It is always worth reminding ourselves: sabermetric research has a long way to go. The (rather obvious) truth is that the objective accounting of everything in baseball is what Edmund Husserl called, in a different context, an “infinite task.” In other words, there is a goal that guides sabermetric research – one that can never be reached. Thus, the actual sabermetric project is never ending.
Fielding and even pitching value are just two of the many areas in which sabermetric research is well-known to have a long way to go. One area in which sabermetrics has done well over the years is run estimation. Run estimators do what their name suggests: estimate the number of runs that would result from a given combination of events. While we already know how many runs actually scored, there are situations for which one would want a different sort of estimate. For example, one might want to know how many runs an player would produce if one added his events to an “average” team in order to establish his neutral offensive value. Or one might want to know how many runs a projected lineup would produce. Things of that nature.

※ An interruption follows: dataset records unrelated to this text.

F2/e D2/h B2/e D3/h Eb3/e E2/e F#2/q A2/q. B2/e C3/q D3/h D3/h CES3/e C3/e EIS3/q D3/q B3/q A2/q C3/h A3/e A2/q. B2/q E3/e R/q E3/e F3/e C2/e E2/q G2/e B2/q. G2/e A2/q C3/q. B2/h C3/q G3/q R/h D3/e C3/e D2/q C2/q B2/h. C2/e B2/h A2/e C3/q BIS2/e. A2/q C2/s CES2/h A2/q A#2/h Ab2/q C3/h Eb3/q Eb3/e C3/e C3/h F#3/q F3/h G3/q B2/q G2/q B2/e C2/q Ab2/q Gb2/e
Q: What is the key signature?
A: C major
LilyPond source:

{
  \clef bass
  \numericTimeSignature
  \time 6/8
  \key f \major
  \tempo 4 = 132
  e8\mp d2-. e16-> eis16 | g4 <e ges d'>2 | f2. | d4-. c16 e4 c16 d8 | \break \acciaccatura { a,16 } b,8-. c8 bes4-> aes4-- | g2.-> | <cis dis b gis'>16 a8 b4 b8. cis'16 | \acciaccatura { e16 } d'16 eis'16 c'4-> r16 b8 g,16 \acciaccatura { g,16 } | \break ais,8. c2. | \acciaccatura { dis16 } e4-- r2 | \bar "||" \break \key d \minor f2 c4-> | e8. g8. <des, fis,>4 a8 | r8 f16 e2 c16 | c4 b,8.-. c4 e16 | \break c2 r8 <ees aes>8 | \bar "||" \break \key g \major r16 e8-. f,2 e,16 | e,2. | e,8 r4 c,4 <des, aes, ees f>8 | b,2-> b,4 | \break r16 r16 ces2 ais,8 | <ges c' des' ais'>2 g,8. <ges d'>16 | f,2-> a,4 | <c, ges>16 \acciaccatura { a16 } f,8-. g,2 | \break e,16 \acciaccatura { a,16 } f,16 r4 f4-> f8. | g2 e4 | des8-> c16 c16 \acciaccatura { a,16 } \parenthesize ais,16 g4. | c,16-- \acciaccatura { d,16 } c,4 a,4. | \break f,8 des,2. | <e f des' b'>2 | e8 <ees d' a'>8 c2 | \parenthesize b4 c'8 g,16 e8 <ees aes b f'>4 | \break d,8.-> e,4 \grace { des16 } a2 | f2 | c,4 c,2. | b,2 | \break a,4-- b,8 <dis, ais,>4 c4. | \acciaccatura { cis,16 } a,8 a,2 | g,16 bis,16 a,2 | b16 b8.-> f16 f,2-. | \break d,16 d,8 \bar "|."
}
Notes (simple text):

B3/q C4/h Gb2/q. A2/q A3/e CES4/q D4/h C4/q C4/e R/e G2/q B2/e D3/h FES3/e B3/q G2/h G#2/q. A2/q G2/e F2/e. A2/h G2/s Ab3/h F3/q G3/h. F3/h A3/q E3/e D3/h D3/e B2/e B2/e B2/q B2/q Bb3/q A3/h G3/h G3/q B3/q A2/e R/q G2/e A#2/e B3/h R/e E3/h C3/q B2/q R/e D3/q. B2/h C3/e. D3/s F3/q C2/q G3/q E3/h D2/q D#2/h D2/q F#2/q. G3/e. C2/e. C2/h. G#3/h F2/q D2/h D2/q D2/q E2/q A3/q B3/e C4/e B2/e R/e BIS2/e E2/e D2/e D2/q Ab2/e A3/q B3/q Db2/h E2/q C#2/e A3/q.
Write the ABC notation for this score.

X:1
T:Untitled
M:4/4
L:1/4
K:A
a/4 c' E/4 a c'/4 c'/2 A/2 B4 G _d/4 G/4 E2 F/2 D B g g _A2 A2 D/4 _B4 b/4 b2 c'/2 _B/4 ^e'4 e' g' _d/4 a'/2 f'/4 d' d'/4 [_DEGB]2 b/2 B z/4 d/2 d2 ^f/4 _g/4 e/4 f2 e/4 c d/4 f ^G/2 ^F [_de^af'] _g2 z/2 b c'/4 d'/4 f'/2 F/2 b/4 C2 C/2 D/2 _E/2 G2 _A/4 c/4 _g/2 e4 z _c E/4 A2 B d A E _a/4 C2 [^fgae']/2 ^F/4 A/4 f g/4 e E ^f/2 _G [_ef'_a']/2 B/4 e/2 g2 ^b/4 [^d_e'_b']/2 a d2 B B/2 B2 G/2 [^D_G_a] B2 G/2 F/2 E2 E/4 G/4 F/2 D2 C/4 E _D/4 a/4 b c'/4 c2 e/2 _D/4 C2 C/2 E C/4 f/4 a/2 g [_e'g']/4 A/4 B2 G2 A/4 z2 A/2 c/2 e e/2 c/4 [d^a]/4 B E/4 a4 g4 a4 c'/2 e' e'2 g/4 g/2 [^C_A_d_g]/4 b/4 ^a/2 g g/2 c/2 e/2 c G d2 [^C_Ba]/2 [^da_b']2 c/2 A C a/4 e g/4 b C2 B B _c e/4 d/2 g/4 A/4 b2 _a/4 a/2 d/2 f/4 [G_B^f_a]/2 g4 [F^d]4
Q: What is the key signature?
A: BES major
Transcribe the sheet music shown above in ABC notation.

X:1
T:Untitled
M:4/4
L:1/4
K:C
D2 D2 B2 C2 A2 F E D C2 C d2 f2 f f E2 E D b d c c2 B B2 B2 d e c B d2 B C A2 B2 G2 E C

In any case, there are a number of types of run estimators. The most commonly used type is linear weights run estimators. There are various good reasons for this. While the principles behind the various linear weights offensive run estimators are basically the same, one difference can be the exact weights given or the way those weights are derived. It can be helpful to use the resources of a dynamic run estimator in order to get more accurate linear weights values appropriate to a particular run environment while still being able to apply them to individual players.
This is not the place for a full historical or systematic overview of run estimators. (Here is a good rough outline, and here is a series of more detailed discussion). Of particular relevance here is the difference between linear and dynamic run estimators.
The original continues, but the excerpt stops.